Hello, At least someone else needs this feature if not implementation, that's great. Kevin Lynch wrote:
6. Correlations are not considered; instead, worst case is always assumed. Is there a use case where this behavior is useful and meaningful?
I do have this kind of case, but I don't know if it's typical or not. It depends on: (a) how many independent sources of error do you have, and (b) is it fine to have just upper bound for error. In my case I have few numerical integrations (each producing inexact value) and various operations on the results. I just wanted to be sure errors do not grow too large.
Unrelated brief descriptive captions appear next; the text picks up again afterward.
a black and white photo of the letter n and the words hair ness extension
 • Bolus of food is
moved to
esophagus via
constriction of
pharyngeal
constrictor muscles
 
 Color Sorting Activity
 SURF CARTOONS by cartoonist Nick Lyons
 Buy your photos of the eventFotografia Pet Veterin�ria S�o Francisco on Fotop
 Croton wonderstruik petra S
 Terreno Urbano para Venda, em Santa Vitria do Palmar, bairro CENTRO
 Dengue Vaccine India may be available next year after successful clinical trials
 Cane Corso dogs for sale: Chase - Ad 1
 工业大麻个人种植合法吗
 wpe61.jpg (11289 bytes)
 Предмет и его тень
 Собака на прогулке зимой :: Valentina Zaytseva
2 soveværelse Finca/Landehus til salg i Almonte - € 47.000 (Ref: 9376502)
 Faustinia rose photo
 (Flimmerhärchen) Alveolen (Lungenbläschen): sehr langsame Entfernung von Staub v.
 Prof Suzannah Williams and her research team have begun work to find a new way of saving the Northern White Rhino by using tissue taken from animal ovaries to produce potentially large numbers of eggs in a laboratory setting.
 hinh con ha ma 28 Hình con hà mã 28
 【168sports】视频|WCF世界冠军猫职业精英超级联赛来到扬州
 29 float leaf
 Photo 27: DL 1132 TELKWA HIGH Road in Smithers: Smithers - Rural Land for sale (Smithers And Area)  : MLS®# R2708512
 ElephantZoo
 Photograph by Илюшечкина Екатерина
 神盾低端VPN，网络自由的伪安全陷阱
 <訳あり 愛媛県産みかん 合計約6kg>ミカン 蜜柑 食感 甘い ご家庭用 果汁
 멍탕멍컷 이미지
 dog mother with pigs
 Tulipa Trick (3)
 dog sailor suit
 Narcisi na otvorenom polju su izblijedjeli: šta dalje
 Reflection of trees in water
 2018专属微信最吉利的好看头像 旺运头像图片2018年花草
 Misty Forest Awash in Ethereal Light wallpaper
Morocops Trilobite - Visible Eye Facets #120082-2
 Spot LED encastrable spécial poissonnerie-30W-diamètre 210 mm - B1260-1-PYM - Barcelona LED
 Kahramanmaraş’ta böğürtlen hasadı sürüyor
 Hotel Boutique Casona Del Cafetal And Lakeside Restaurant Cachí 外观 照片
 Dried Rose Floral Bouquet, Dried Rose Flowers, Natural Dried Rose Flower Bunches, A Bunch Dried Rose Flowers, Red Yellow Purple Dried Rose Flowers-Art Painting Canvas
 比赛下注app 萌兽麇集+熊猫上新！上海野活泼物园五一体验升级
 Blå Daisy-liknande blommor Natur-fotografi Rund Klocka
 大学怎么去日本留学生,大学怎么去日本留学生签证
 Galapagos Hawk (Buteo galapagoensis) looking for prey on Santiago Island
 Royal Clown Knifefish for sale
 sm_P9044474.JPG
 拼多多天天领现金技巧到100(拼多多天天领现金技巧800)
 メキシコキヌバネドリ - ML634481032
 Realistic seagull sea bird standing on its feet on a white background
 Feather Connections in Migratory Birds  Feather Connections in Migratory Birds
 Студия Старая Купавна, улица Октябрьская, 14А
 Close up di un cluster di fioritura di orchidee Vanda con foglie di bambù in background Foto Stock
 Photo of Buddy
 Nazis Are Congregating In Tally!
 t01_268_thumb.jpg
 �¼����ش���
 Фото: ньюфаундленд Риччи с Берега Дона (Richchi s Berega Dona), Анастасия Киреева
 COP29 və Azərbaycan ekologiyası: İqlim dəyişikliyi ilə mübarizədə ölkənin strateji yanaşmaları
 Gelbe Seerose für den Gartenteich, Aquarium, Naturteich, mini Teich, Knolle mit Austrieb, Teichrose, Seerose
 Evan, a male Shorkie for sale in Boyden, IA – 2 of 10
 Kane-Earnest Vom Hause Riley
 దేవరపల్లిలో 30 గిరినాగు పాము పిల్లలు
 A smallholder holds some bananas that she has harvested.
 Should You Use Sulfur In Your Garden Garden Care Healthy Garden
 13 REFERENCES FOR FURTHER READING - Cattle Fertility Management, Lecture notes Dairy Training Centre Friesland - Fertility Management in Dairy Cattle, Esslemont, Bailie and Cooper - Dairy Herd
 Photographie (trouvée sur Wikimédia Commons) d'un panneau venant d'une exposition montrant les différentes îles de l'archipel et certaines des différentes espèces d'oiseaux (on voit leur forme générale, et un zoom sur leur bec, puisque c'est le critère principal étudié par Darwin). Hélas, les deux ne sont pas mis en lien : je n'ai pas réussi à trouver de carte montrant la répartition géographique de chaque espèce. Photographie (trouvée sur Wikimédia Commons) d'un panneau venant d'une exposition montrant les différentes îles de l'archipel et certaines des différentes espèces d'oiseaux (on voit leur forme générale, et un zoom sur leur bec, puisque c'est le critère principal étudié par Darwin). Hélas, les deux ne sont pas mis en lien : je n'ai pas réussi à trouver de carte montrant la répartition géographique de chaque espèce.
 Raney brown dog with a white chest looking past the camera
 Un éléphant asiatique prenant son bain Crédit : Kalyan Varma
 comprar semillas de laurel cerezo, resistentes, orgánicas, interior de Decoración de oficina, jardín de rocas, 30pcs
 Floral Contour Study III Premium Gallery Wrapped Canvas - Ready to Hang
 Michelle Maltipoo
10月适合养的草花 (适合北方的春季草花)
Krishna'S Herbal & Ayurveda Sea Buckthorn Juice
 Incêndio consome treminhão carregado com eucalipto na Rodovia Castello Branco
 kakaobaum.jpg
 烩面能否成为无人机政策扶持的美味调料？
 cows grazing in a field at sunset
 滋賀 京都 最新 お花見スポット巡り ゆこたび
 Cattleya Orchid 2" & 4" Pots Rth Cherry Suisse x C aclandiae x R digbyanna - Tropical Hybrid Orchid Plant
Every time I add uncorrelated values as correlated I'm wrong by factor of two at most, and who can tell for sure if my integrations are really uncorrelated or not.
Without this feature, I can't come up with any reason for me to use it.
You can always write: z = inexact( x.value() + y.value(), sqrt(x.error()*x.error() + y.error()*y.error())) in place of z = x + y where I really need it. Feature is just formalizing it. Problem is, one might want to add x and z later. Zeroth principle for me was, it is not opaque library, but just some help with arithmetics. It will not allow person knowing nothing about errors to calculate errors.
I certainly can't see a use for it in publication quality basic research or any engineering work where you need to rely on the errors it calculates.
It correctly produces upper bounds almost everywhere. Where it doesn't (like cos(0.01 +- 0.1)) unexperienced physicist will also make a mistake :).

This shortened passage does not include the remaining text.